I suppose this is probably more applicable to files in iCloud Drive than photos in iCloud Photos for that reason, sure. A potential attack against documents from the Wikipedia article I linked, for example:

Even more alarming than the confirmation attack is the “learn the remaining information attack” described by Drew Perttula in 2008.[9] This type of attack applies to the encryption of files that are only slight variations of a public document. For example, if the defender encrypts a bank form including a ten digit bank account number, an attacker that is aware of generic bank form format may extract defender’s bank account number by producing bank forms for all possible bank account numbers, encrypt them and then by comparing those encryptions with defender’s encrypted file deduce the bank account number. Note that this attack can be extended to attack a large number of targets at once (all spelling variations of a target bank customer in the example above, or even all potential bank customers), and the presence of this problem extends to any type of form document: tax returns, financial documents, healthcare forms, employment forms, etc.

1 Like

People seems to be calling apple encryption “weak” due to implementing convergent encryption.

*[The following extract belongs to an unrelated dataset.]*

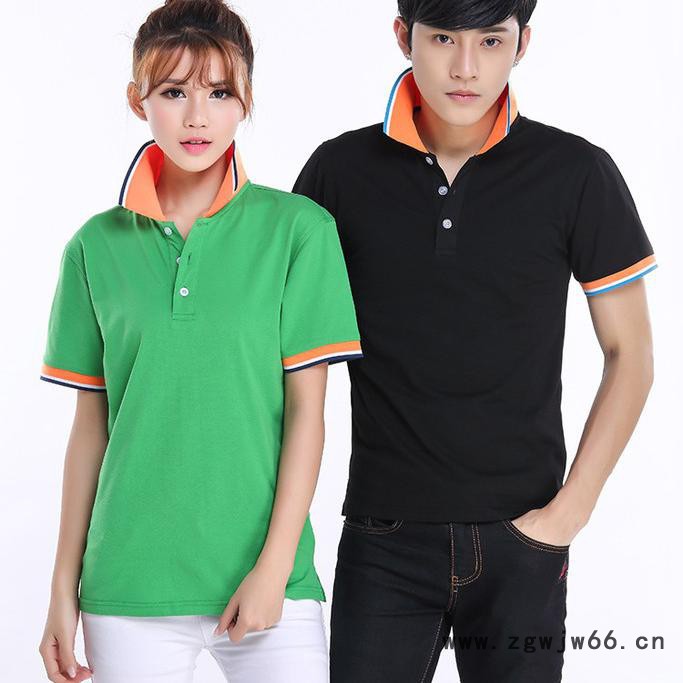 WDL班服翻领t恤polo衫定制纯棉短袖定做广告衫印制文化衫工作服logo图5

Please correct me if I am wrong.

  • Apple uses convergent encryption to encrypt file uploaded to iCloud.
  • This gives Apple the ability to make iCloud file storage platforms cost-effective. Since it allows the same identical anonymous blob saved by a number of users to just require one unit of space as opposed to one unit per user.
  • This is clearly a something to be concern about since for a clear text file they can always check if somebody has it stored on the service.
  • However, this not make encryption weak. If done right, it is secure as any encryption method.
  • Given data is broken in to chunks, then encrypted, then stored this will not leak anything? (don’t have evidence of apple doing this)
  • Further, apple stated that they are “committed” to E2E encrypt such metadata. From my understanding, this will fix the issue?

This feature was released today with iOS 16.2 (in the US, at least)

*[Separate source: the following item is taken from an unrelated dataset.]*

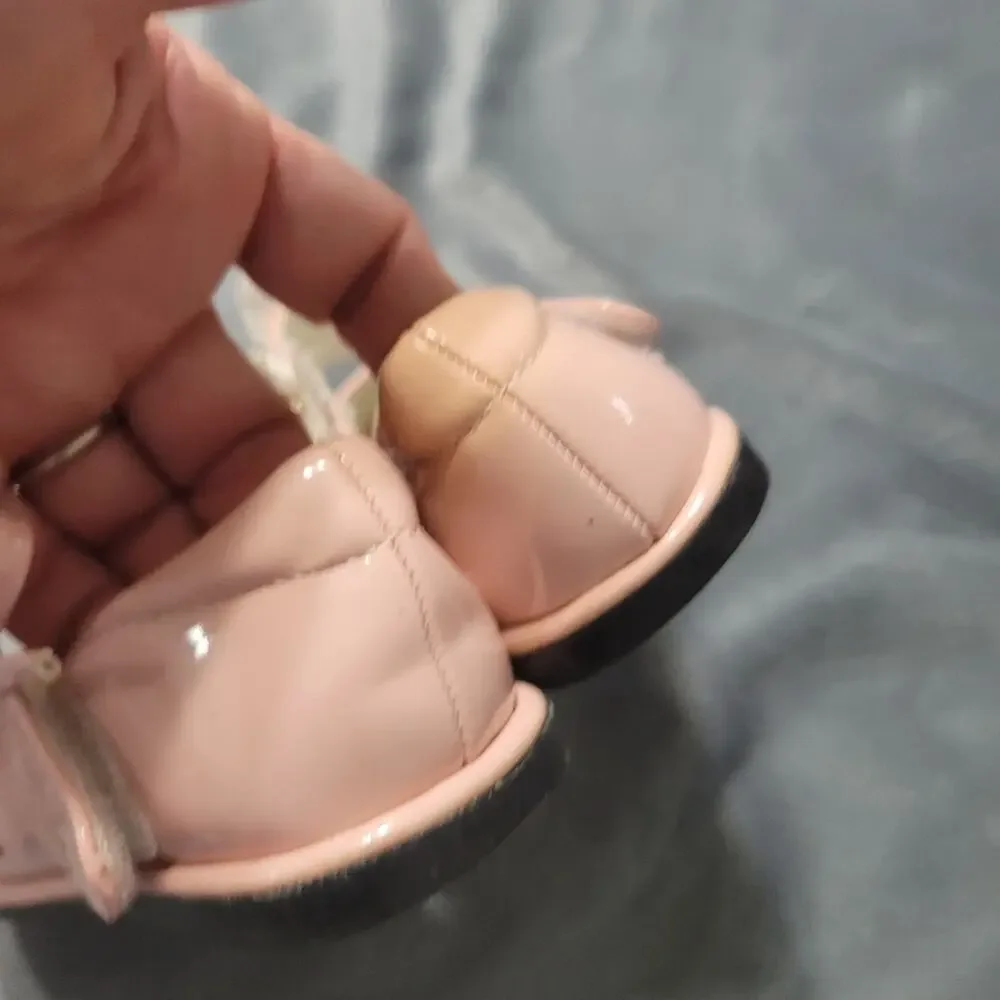 Utopia Shoes Little Girl 7 Pink Floral Strap Dress Up Flowers Loose Needs Repair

Based on your posts across several topics…you seem to have some sort of personal vendetta against Apple that far outstrips any claims anyone on PG is actually making.

5 Likes

The update(iOS & iPadOS 16.2 and macOS Ventura 13.1) is available to everyone, but for now only in US you can enable Advance Data Protection

1 Like

I can’t speculate as to how they will fix this in the future exactly so I’m not sure, but based on what they’ve said it should fix the issue. We shall see whether they actually do fix it.

2 Likes

Based on your posts across several topics…you seem to have some sort of personal vendetta against Apple

Hes not wrong regarding Apple itself tho but he actually could have voiced his opinion in a more polite way, and oc theres also no need for attacking the pricacyguides mods/admins

1 Like

Update:
iOS 16.3 and macOS 13.2 brings iCloud Advanced Data Protection feature to all users worldwide.

2 Likes

Now that everyone can test this feature, I wonder which E2EE backup method should be preferred for apps like WhatsApp that already implemented that feature independently (How WhatsApp is enabling end-to-end encrypted backups). I suppose that iCloud Backup will perform a more complete backup that the one from WhatsApp (including settings, blocked contacts, audio messages, etc.), but I don’t know if there is a technical detail, like the convergent encryption, that could fit a thread model for someone in one case and not in the other.

1 Like

It is up to you. If you want you can use both iCloud backup and WhatsApp built in backup method.

I don’t use WhatsApp, but I assume WhatsApp will give you choice to which data to back up (photos, messages etc), whereas with iCloud backup everything in WhatsApp.

There is a high chance you prob don’t need to worry about convergent encryption.